» Assignment
Nothing in the records may be changed; reproduce all of them.
'''
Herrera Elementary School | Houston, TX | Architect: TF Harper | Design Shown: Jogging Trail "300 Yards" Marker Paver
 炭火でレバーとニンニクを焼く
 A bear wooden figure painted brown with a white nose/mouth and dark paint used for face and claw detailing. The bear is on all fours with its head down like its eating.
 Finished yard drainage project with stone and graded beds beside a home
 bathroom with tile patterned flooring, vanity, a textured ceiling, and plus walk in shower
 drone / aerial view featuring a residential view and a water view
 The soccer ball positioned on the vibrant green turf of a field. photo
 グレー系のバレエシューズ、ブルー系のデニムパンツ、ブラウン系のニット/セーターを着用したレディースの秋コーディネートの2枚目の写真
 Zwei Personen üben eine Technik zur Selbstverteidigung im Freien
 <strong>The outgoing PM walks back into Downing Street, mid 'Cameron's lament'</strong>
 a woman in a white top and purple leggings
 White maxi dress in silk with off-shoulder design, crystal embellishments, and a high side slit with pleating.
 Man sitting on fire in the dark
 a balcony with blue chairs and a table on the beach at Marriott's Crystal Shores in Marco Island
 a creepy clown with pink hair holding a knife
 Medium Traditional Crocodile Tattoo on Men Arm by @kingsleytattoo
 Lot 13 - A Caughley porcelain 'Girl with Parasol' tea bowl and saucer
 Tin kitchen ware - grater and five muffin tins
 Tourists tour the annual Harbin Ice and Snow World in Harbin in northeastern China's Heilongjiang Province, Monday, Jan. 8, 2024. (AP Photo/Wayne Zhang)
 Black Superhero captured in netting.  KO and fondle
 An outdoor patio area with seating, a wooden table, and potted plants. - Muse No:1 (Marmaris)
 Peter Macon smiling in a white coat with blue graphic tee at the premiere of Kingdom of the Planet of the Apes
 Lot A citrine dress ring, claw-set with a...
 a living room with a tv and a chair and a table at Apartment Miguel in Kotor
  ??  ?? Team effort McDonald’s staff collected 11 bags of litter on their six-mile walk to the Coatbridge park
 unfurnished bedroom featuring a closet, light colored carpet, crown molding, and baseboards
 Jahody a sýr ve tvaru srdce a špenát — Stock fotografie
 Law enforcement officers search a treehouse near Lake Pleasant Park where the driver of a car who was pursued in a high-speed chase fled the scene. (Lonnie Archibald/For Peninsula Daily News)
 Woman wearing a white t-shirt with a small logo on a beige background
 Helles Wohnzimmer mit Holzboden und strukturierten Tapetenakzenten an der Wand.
'''
» Written solution
Herrera Elementary School | Houston, TX | Architect: TF Harper | Design Shown: Jogging Trail "300 Yards" Marker Paver
 炭火でレバーとニンニクを焼く
 A bear wooden figure painted brown with a white nose/mouth and dark paint used for face and claw detailing. The bear is on all fours with its head down like its eating.
 Finished yard drainage project with stone and graded beds beside a home
 bathroom with tile patterned flooring, vanity, a textured ceiling, and plus walk in shower
 drone / aerial view featuring a residential view and a water view
 The soccer ball positioned on the vibrant green turf of a field. photo
 グレー系のバレエシューズ、ブルー系のデニムパンツ、ブラウン系のニット/セーターを着用したレディースの秋コーディネートの2枚目の写真
 Zwei Personen üben eine Technik zur Selbstverteidigung im Freien
 <strong>The outgoing PM walks back into Downing Street, mid 'Cameron's lament'</strong>
 a woman in a white top and purple leggings
 White maxi dress in silk with off-shoulder design, crystal embellishments, and a high side slit with pleating.
 Man sitting on fire in the dark
 a balcony with blue chairs and a table on the beach at Marriott's Crystal Shores in Marco Island
 a creepy clown with pink hair holding a knife
 Medium Traditional Crocodile Tattoo on Men Arm by @kingsleytattoo
 Lot 13 - A Caughley porcelain 'Girl with Parasol' tea bowl and saucer
 Tin kitchen ware - grater and five muffin tins
 Tourists tour the annual Harbin Ice and Snow World in Harbin in northeastern China's Heilongjiang Province, Monday, Jan. 8, 2024. (AP Photo/Wayne Zhang)
 Black Superhero captured in netting.  KO and fondle
 An outdoor patio area with seating, a wooden table, and potted plants. - Muse No:1 (Marmaris)
 Peter Macon smiling in a white coat with blue graphic tee at the premiere of Kingdom of the Planet of the Apes
 Lot A citrine dress ring, claw-set with a...
 a living room with a tv and a chair and a table at Apartment Miguel in Kotor
  ??  ?? Team effort McDonald’s staff collected 11 bags of litter on their six-mile walk to the Coatbridge park
 unfurnished bedroom featuring a closet, light colored carpet, crown molding, and baseboards
 Jahody a sýr ve tvaru srdce a špenát — Stock fotografie
 Law enforcement officers search a treehouse near Lake Pleasant Park where the driver of a car who was pursued in a high-speed chase fled the scene. (Lonnie Archibald/For Peninsula Daily News)
 Woman wearing a white t-shirt with a small logo on a beige background
 Helles Wohnzimmer mit Holzboden und strukturierten Tapetenakzenten an der Wand.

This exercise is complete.